Whitby is a rather special festival; it’s an annual date for many, and familiar faces seem to pop up everywhere. There’s something for everyone, from small intimate venues to larger ones like the Spa, The Metropole Hotel Ballroom, and the Spa theatre. There are traditional singers, transatlantic performers, every kind of instrument that you can think of, dances, dancers including Morris, and the mornings are given over to loads of wonderful workshops for beginners right through to advanced. There’s also a craft and music fair, which is a great place to informally meet up between events.
I love being part of this festival and my proudest moment every year is joining the other artists to sing the chorus to The Wild Mountain Thyme at the front of the stage, before the heather wreath is divided up and shared out as a pledge to return next year.
I’ve made many friends at the festival and have many special moments. This year is its 50th, and I have only been going for about 13 years. There have been many changes over this time, particularly of venues, which become available and unavailable as time goes on, even in the short time (relatively) that I have been going. Whitby is one of the most reasonable festivals to attend, and unlike many, it is not in a field with tents, but indoors with seats, so it’s much easier for me.

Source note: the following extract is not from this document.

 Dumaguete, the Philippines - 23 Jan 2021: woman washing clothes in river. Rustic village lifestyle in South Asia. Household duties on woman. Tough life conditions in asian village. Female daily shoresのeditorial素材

I will soon be getting down to planning my poetry workshops. We usually start with a hot penning to a simple prompt, as a warm up, then move into different exercises, always with chance to feedback and gain some pointers from everyone else, or just for the fun of it. We will often read some poems by published writers too, for stimulus and to help us get into the right zone, to ‘tune in’ as it were. Some of the attenders are musicians and dancers, others have come to the festival with family and are glad to find there are some different activities to do. On the last day, the Friday, we have a readaround, in which the available time is divided by the number of people who want to read and everyone gets their slot to come out to the front and entertain us with their work. I give advice on publication opportunities and encourage people to support poetry events local to them when they return home.
There is something very inspirational about Whitby itself: the literary connections, the spectacular coastline, the dramatic abbey, and the views of the moors. There are also some amazing eateries. It is a place I love to return to every year.